BEGIN EXTRACTED INFORMATION

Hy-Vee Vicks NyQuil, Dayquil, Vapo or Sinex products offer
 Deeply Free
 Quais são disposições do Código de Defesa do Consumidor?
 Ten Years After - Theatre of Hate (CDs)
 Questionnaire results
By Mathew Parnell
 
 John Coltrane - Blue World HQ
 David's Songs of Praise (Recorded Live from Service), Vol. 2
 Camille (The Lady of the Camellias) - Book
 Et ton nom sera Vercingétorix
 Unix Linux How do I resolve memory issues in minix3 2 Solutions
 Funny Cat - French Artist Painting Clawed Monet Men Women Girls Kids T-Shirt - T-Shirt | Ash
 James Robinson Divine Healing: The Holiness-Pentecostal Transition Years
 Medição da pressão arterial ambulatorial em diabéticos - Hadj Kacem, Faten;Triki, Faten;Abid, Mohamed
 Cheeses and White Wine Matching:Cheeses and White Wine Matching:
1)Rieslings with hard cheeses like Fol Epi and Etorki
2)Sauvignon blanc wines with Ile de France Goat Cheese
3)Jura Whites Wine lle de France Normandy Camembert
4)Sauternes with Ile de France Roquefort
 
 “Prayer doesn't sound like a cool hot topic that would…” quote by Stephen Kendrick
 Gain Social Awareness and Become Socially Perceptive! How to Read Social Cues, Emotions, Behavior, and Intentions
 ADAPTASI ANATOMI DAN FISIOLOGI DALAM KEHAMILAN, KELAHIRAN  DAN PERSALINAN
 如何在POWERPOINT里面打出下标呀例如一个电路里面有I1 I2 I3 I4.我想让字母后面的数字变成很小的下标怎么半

END EXTRACTED INFORMATION

**EXERCISE AIM:** Each line of the data has to be written out exactly as it appears.

**ANSWER BELOW:**
Hy-Vee Vicks NyQuil, Dayquil, Vapo or Sinex products offer
 Deeply Free
 Quais são disposições do Código de Defesa do Consumidor?
 Ten Years After - Theatre of Hate (CDs)
 Questionnaire results
By Mathew Parnell
 
 John Coltrane - Blue World HQ
 David's Songs of Praise (Recorded Live from Service), Vol. 2
 Camille (The Lady of the Camellias) - Book
 Et ton nom sera Vercingétorix
 Unix Linux How do I resolve memory issues in minix3 2 Solutions
 Funny Cat - French Artist Painting Clawed Monet Men Women Girls Kids T-Shirt - T-Shirt | Ash
 James Robinson Divine Healing: The Holiness-Pentecostal Transition Years
 Medição da pressão arterial ambulatorial em diabéticos - Hadj Kacem, Faten;Triki, Faten;Abid, Mohamed
 Cheeses and White Wine Matching:Cheeses and White Wine Matching:
1)Rieslings with hard cheeses like Fol Epi and Etorki
2)Sauvignon blanc wines with Ile de France Goat Cheese
3)Jura Whites Wine lle de France Normandy Camembert
4)Sauternes with Ile de France Roquefort
 
 “Prayer doesn't sound like a cool hot topic that would…” quote by Stephen Kendrick
 Gain Social Awareness and Become Socially Perceptive! How to Read Social Cues, Emotions, Behavior, and Intentions
 ADAPTASI ANATOMI DAN FISIOLOGI DALAM KEHAMILAN, KELAHIRAN  DAN PERSALINAN
 如何在POWERPOINT里面打出下标呀例如一个电路里面有I1 I2 I3 I4.我想让字母后面的数字变成很小的下标怎么半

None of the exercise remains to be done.